TURNING and turning in the widening gyre
The falcon cannot hear the falconer;
Things fall apart; the centre cannot hold;
Mere anarchy is loosed upon the world,
The blood-dimmed tide is loosed, and everywhere
The ceremony of innocence is drowned;
The best lack all conviction, while the worst
Are full of passionate intensity.
Surely some revelation is at hand;
Surely the Second Coming is at hand.
The Second Coming! Hardly are those words out
When a vast image out of Spiritus Mundi
Troubles my sight: somewhere in sands of the desert
A shape with lion body and the head of a man,
A gaze blank and pitiless as the sun,
Is moving its slow thighs, while all about it
Reel shadows of the indignant desert birds.

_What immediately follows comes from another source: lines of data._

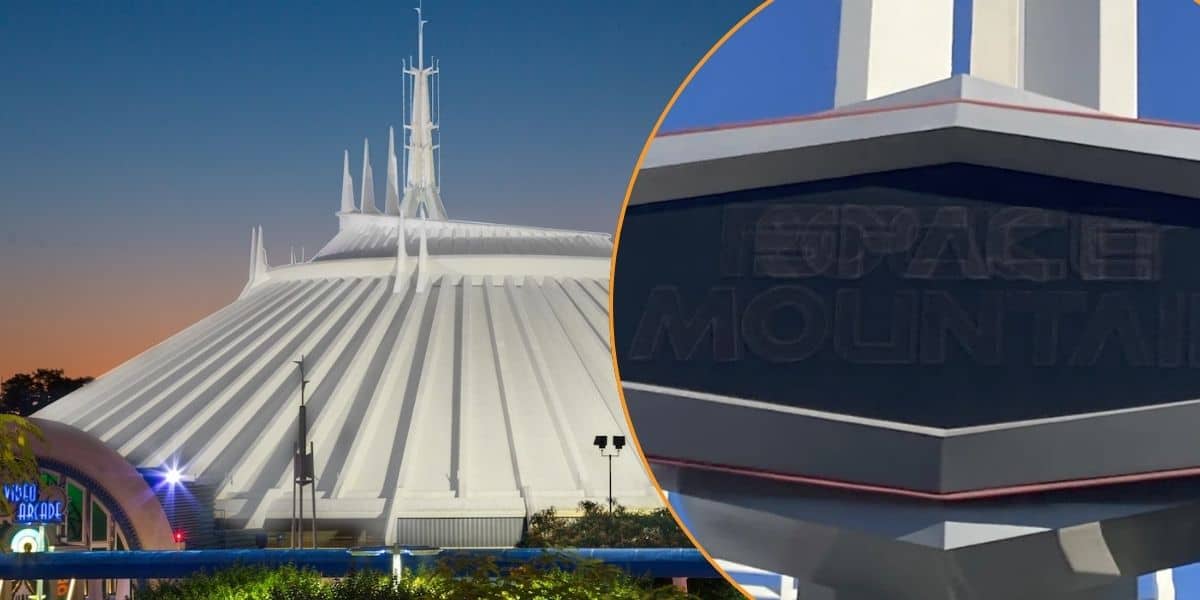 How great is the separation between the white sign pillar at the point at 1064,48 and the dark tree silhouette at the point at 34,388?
63.5 meters

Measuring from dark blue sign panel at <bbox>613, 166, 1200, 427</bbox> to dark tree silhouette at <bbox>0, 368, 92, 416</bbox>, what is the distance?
64507 mm

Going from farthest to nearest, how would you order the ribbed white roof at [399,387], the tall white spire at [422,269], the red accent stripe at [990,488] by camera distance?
the tall white spire at [422,269] → the ribbed white roof at [399,387] → the red accent stripe at [990,488]

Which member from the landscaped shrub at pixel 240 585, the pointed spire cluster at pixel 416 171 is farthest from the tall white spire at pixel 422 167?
the landscaped shrub at pixel 240 585

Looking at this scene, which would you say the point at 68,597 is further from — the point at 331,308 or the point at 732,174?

The darkness drops again; but now I know
That twenty centuries of stony sleep
Were vexed to nightmare by a rocking cradle,
And what rough beast, its hour come round at laSt,
Slouches towards Bethlehem to be born?

People have interpreted the poem in different ways ,trying to understand the basic theme .Despite the difficulty in putting together what Yeats would possibly have meant, the poem continues to be popular among scholars as well as ordinary folk.That Yeats is talking about the Messiah coming out of the chaos in order to straighten it out is fairly clear but the confusion is why the Second Coming refers to the beast from the sandy desert and if it represents evil why it is moving towards Bethlehem .The lines are very epigrammatic: “The best lack all conviction; the worst are full of passionate intensity”. It is as though Yeats has predicted the wave of terrorism that has drowned the sanity of the present world. Yeats had a deep interest in Hinduism which is what seems to account for the belief that whenever there is chaos thee will emerge a Messiah out of the disorder. The Gita says that whenever the world is weighed down by the burden of mankind’s sins God will take a human form and appear to set the world in order.